A vif / Affaire Vara: telle est prise qui… Tel est pris aussi
Les vacances à Oman de la conseillère d’Etat neuchâteloise Céline Vara lui valent un tombereau de reproches. Il s’agit pourtant d’un problème purement moral qui pourrait très bien revenir en boomerang vers celles et ceux qui l’agitent. Ce billet d’humeur aurait aussi pu être titré «fétichisation des convictions politiques».
La politicienne neuchâteloise Céline Vara est partie en vacances à Oman en famille, en avion surtout. Et bam!, la nouvelle est dans tous les journaux et la voilà tancée. La conseillère d’Etat est une élue écologiste qui n’hésite pas à critiquer les voyages en avion, comme lorsque le gouvernement fribourgeois a utilisé ce moyen de transport pour se rendre à Londres en 2019. Telle est prise qui croyait prendre…

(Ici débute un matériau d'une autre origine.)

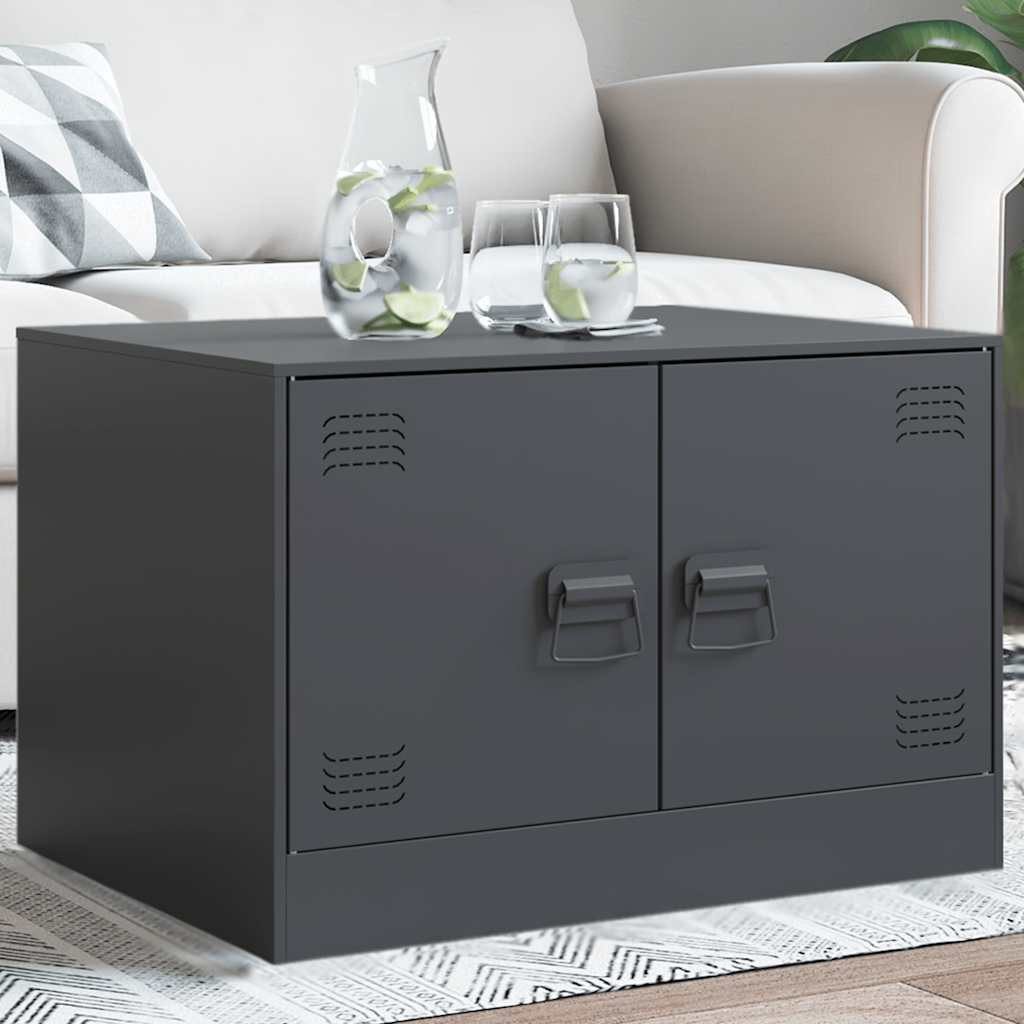 vidaXL Couchtisch Couchtisch Anthrazit 67x50x44 cm Stahl (1-St)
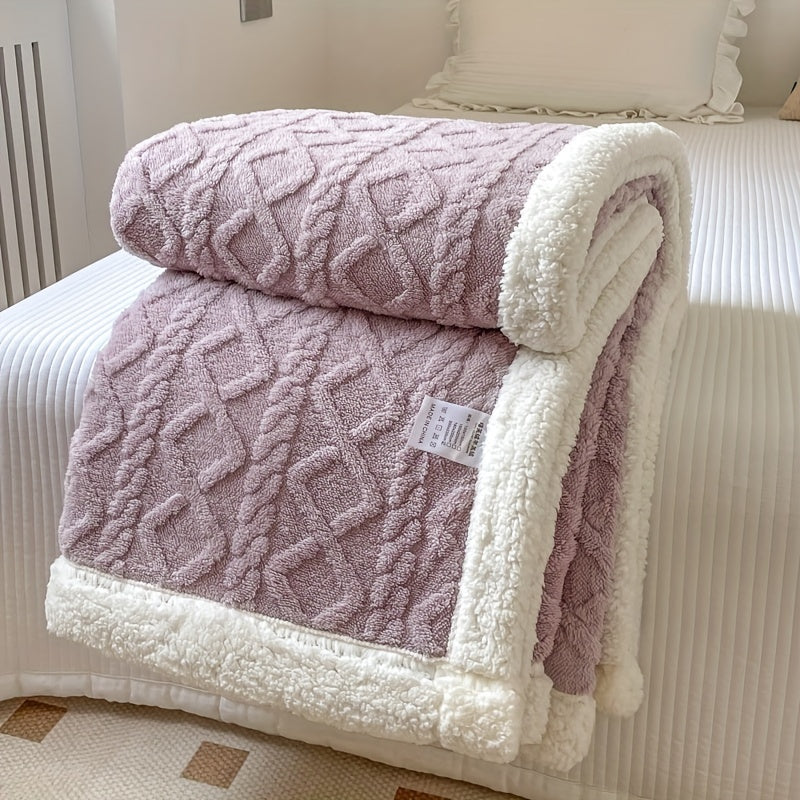 CozyLuxe Reversible Fleece Blanket – Soft Warmth, Timeless Style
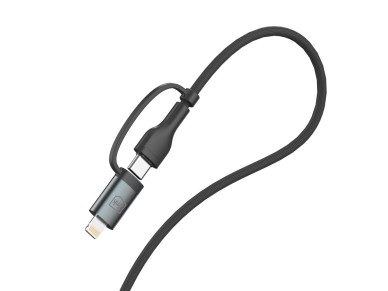 3mk Hyper Cable N-SERIES 2 in 2 USB-A / USB-C and USB-C / Lightning 1.2m QC 3.0 9V/2A 60W - black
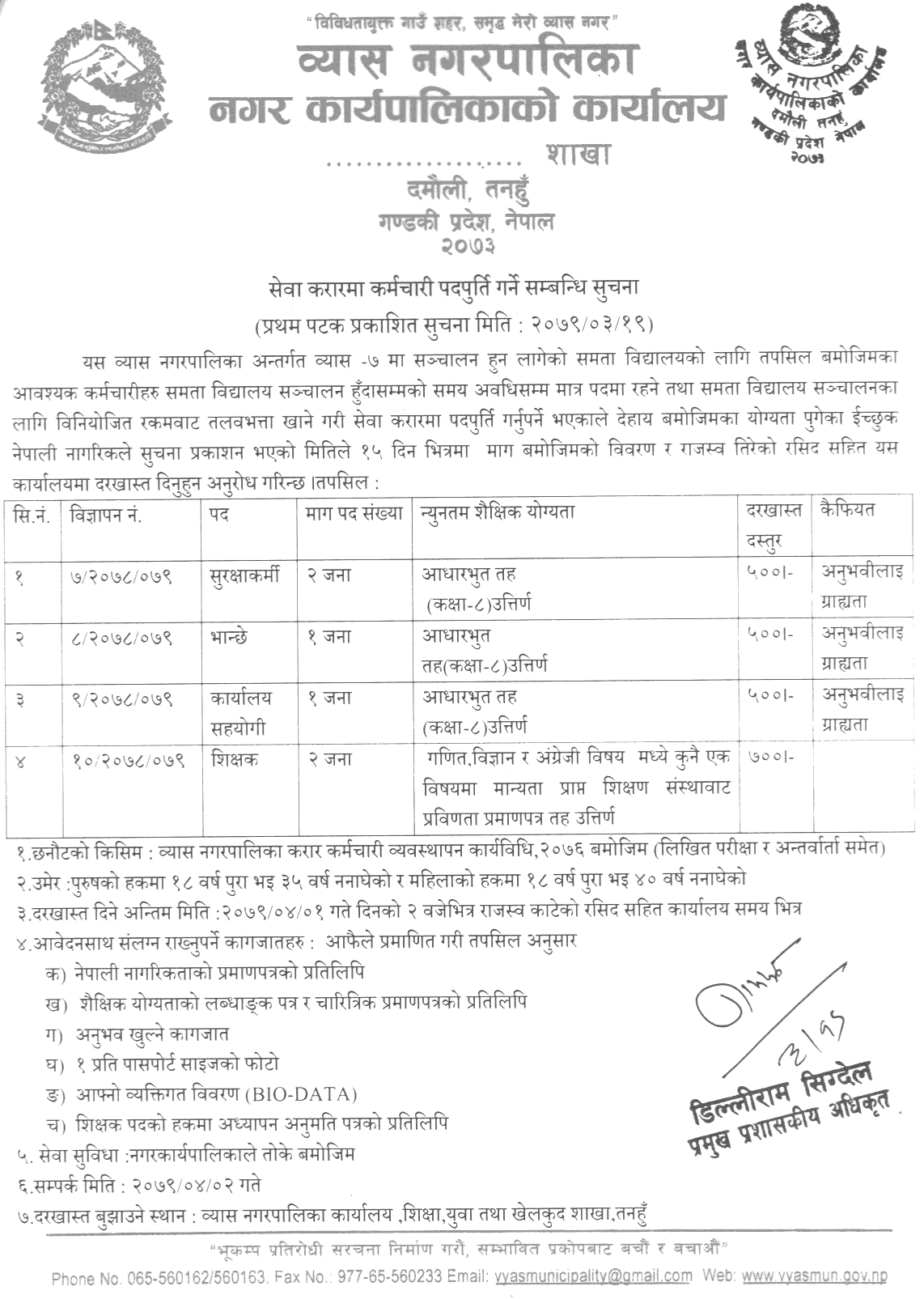 Vyas Municipality Vacancy for Various Post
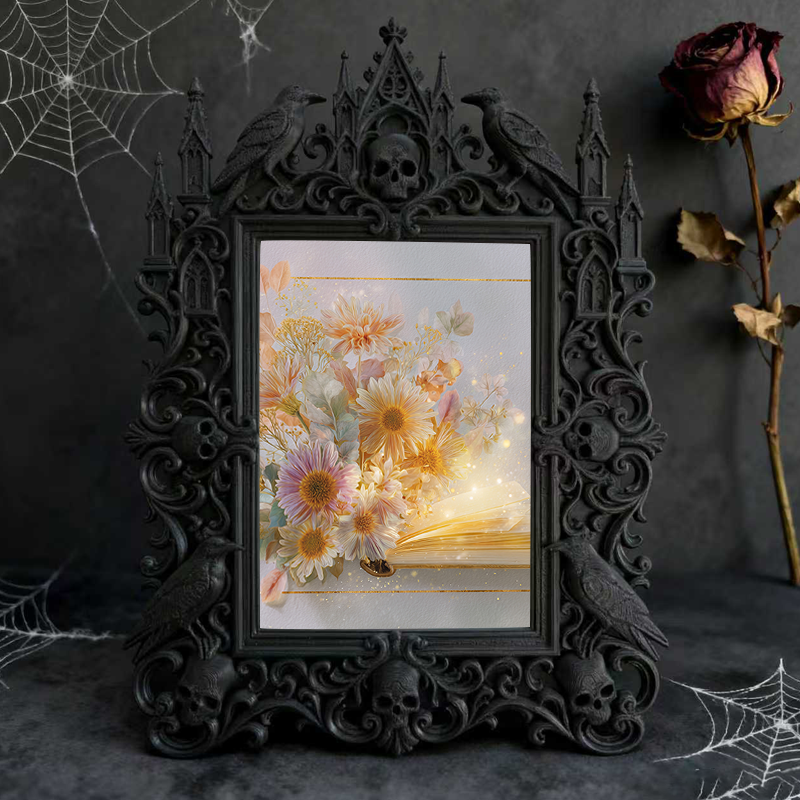 Hard-to-find Gothic Dark-style Photo Frame | Witchy Bedroom Vanity Decor, Photo Ornament, Dual-use Display, Retro Plastic Frame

Mardi, la politicienne a répondu à ses détracteurs par voie de presse, dans le quotidien Arcinfo. Il s’agissait de «vacances choisies pour leurs programmes avec les tortues marines et pour la faune particulière», explique-t-elle, ajoutant qu’elle avait bien mérité le droit de «passer ce moment privilégié avec [sa] famille». Une défense pleurnicheuse.
La paille et la poutre
Le problème de Madame Vara est d’ordre moral. La question n’est pas de savoir si elle a le droit de prendre l’avion pour aller assister au spectacle touristique d’une «faune particulière» mais de savoir comment elle fera désormais la morale à celles et ceux qui prennent l’avion pour aller assister à un spectacle touristique quel qu’il soit, serait-ce celui d’un bar à bière à Barcelone.
Le problème de celles et ceux qui la critiquent est lui aussi d’ordre moral – et j’exclus ici les calculs politiciens car c’est de bonne guerre. Que reproche-t-on à Céline Vara? De ne pas être alignée avec les convictions qu’elle revendique? Ou de ne plus servir de caution? Je penche pour la seconde proposition. Car en réalité, peu de personnes sont alignées avec les convictions qu’elles affichent. Du génocide dans la bande de Gaza à l’effet mortifère de notre mode de vie sur la flore et la faune – particulière ou non – en passant par les dictatures, le wokisme et tout ce que bon vous semble, la majorité des Occidentaux se contente le plus souvent de protestations ne remettant pas fondamentalement en question leur mode de vie, c’est à dire leur accès à la consommation de marchandises. Alors voter pour celui ou celle qui affiche les mêmes convictions donne bonne conscience: «Je vais en vacances à Bali en avion, mon téléphone portable est fait de métaux rares extraits dans des conditions épouvantables, chacune de mes recherches internet consomme de l’énergie et participe au réchauffement climatique… mais je vote Céline Vara.» Ça marche aussi à droite: «J’habite une maison construite par des Balkaniques, je suis soigné à l’hôpital par un médecin oriental, l’aide qui s’occupe de ma mère à l’EMS est africaine, certaines déviances sexuelles m’attirent, je profite largement des acquis sociaux conquis par la gauche… mais je vote UDC.»
Ambivalence ontologique
Voilà ce qu’a troublé Céline Vara: la fétichisation des convictions politiques et de celles et ceux qui les portent. Ceci dans un monde où – citer Guy Debord n’est jamais inutile – «tout ce qui était directement vécu s’est éloigné au profit d’une représentation».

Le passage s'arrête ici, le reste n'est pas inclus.